In the entries below, find the line with "There is a small" and the line with "We're in Outlook". Return those two lines and all lines between them, exactly.

## Supplied records
# # # # #
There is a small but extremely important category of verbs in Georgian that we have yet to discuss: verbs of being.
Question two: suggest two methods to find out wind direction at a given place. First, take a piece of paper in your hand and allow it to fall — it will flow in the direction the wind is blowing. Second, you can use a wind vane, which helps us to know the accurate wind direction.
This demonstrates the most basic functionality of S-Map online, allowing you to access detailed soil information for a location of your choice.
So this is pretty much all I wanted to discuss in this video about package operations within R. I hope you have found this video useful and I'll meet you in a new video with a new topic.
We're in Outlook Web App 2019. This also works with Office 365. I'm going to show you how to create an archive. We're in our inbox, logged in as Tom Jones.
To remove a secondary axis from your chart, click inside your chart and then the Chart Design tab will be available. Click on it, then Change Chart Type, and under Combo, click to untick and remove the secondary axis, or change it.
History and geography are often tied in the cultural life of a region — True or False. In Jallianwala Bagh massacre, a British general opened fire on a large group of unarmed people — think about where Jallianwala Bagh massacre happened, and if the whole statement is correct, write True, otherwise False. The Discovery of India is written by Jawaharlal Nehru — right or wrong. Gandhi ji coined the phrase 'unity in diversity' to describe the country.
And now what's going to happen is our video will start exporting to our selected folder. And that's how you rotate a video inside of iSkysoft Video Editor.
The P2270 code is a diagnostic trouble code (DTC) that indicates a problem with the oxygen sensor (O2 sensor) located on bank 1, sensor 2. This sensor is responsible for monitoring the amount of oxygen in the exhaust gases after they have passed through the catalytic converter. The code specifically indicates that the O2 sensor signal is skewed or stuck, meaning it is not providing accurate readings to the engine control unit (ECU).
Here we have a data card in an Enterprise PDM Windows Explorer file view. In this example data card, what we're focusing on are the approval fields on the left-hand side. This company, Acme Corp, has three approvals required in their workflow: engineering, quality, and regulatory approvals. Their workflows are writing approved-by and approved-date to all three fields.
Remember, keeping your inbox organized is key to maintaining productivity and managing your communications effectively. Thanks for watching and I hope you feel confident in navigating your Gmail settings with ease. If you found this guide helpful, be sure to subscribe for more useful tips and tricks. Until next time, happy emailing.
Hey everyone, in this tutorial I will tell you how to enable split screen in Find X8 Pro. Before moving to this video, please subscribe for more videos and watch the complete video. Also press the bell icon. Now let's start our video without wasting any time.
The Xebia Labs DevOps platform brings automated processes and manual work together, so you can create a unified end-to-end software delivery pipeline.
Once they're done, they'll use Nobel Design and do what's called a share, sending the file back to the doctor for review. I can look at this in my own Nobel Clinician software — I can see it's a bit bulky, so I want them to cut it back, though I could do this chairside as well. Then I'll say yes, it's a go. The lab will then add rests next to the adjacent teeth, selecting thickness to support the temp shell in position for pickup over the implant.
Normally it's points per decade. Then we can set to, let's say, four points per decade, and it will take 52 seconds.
# # # # #
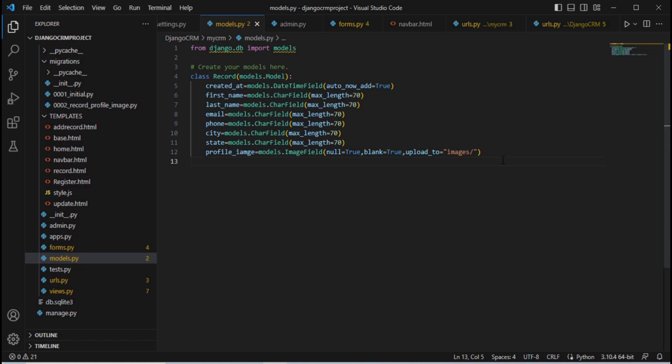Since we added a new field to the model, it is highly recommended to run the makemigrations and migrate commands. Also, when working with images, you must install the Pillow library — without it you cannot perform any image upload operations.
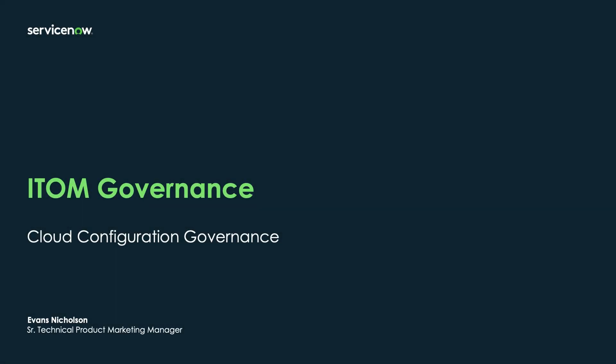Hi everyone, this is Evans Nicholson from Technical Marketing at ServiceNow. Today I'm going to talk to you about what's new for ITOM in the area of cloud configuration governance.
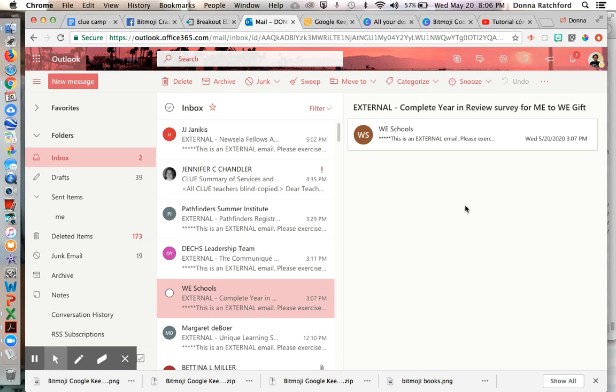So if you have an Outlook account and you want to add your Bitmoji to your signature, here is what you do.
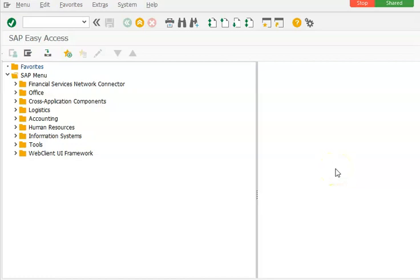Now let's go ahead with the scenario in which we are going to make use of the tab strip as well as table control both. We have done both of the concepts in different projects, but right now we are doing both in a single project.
# # # # #
## Written reply
There is a small but extremely important category of verbs in Georgian that we have yet to discuss: verbs of being.
Question two: suggest two methods to find out wind direction at a given place. First, take a piece of paper in your hand and allow it to fall — it will flow in the direction the wind is blowing. Second, you can use a wind vane, which helps us to know the accurate wind direction.
This demonstrates the most basic functionality of S-Map online, allowing you to access detailed soil information for a location of your choice.
So this is pretty much all I wanted to discuss in this video about package operations within R. I hope you have found this video useful and I'll meet you in a new video with a new topic.
We're in Outlook Web App 2019. This also works with Office 365. I'm going to show you how to create an archive. We're in our inbox, logged in as Tom Jones.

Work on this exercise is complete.